Anand, SS, Samaan, Z, Middleton, C, Irvine, J, Desai, D, Schulze, KM, Sothiratnam, S, Hussain, F, Shah, BR, Pare, G, et al
JAMA cardiology. 2016;(5):601-6
Abstract
IMPORTANCE South Asian individuals have a high burden of premature myocardial infarction (MI). OBJECTIVES To test whether a digital health intervention (DHI) designed to change diet and physical activity improves MI risk among a South Asian population. DESIGN, SETTING, AND PARTICIPANTS This single-blind, community-based, randomized clinical trial with 1-year follow-up was performed among South Asian men and women 30 years or older and living in Ontario and British Columbia who were free of cardiovascular disease.
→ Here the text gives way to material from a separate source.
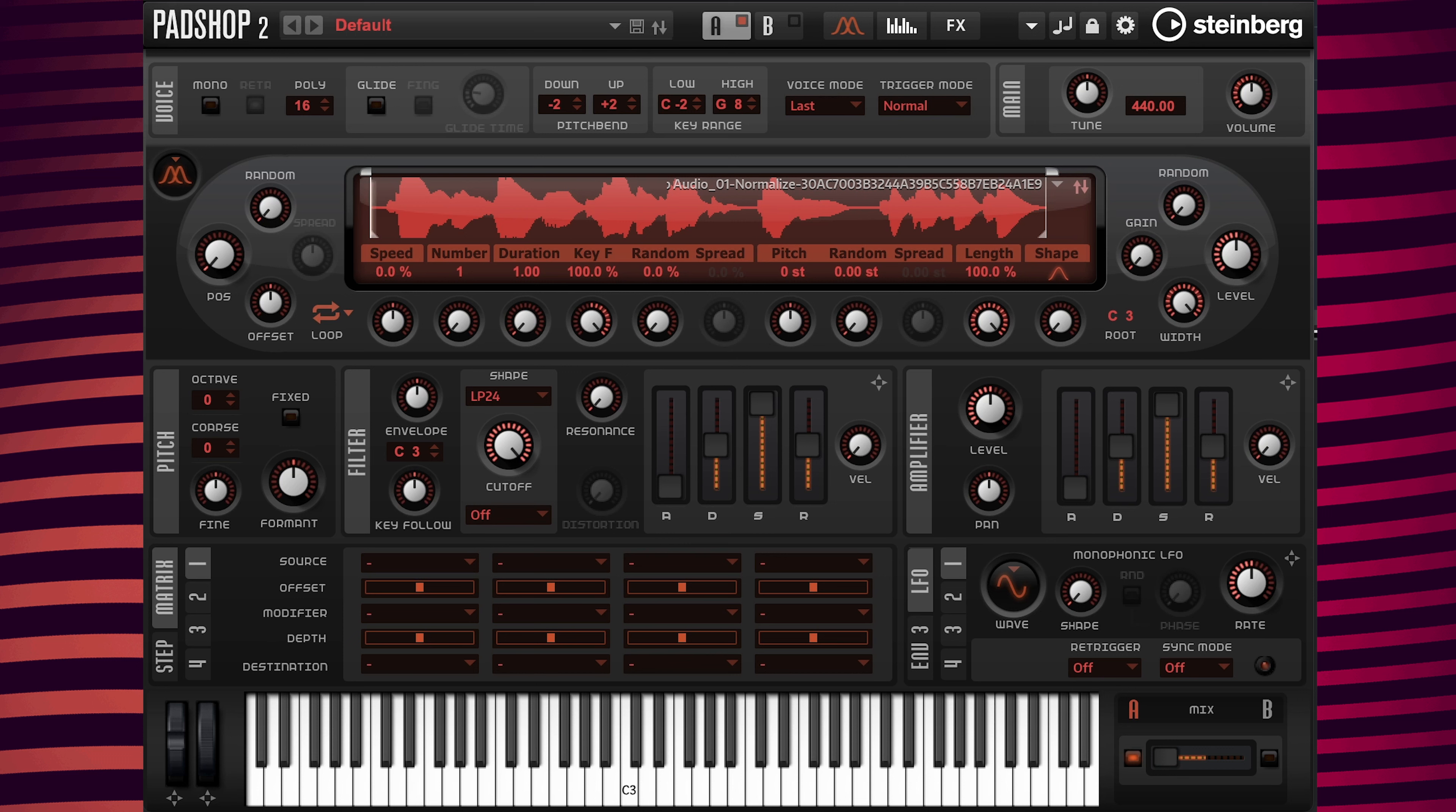I can't hear anything because of the way the granular engine is set up, so I'm going to go over to the speed parameter and change the value to 100%, then change the amount of grains to 2. And now I'm going to play C3 again.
Data analysis was by intention to treat. Data were collected from June 3, 2012, to October 27, 2013. Final follow-up was completed on December 2, 2014, and data were analyzed from April 2, 2015, to February 29, 2016. INTERVENTIONS Participants were randomized 1:1 to the DHI or control condition. The goal-setting DHI used emails or text messages and focused on improving diet and physical activity that was tailored to the participant's self-reported stage of change. MAIN OUTCOMES AND MEASURES The change in an MI risk score from baseline to 1 year was the primary outcome. Secondary outcomes included the change in each objectively measured component of the MI risk score (ie, blood pressure, waist to hip ratio, hemoglobin A1c level, and the ratio of apolipoprotein B to apolipoprotein A). Genetic risk for MI was determined by counting the 9p21 risk alleles; results were provided to each participant at baseline. RESULTS A total of 343 South Asian men and women (178 men [51.9%]; mean [SD] age, 50.6 [11.4] years) who were free of cardiovascular disease were randomized to the control condition (n = 174) or the DHI (n = 169). The mean (SD) MI risk score was 13.3 (6.6) at baseline. No significant difference was found in the change in MI score after 1 year between the DHI and control groups (-0.27; 95% CI, -1.12 to 0.58; P = .53) after adjusting for baseline scores, and no difference was found in the fully adjusted model (-0.39; 95% CI, -1.24 to 0.45; P = .36). No association between knowledge of the genetic risk status at baseline and the change in MI risk score was found (0.19; 95% CI, -0.40 to 0.78; P = .53). CONCLUSIONS AND RELEVANCE Among South Asian individuals, a DHI was not associated with a reduction in MI risk score after 12 months and was not influenced by knowledge of genetic risk status. TRIAL REGISTRATION clinicaltrials.gov Identifier: NCT01841398.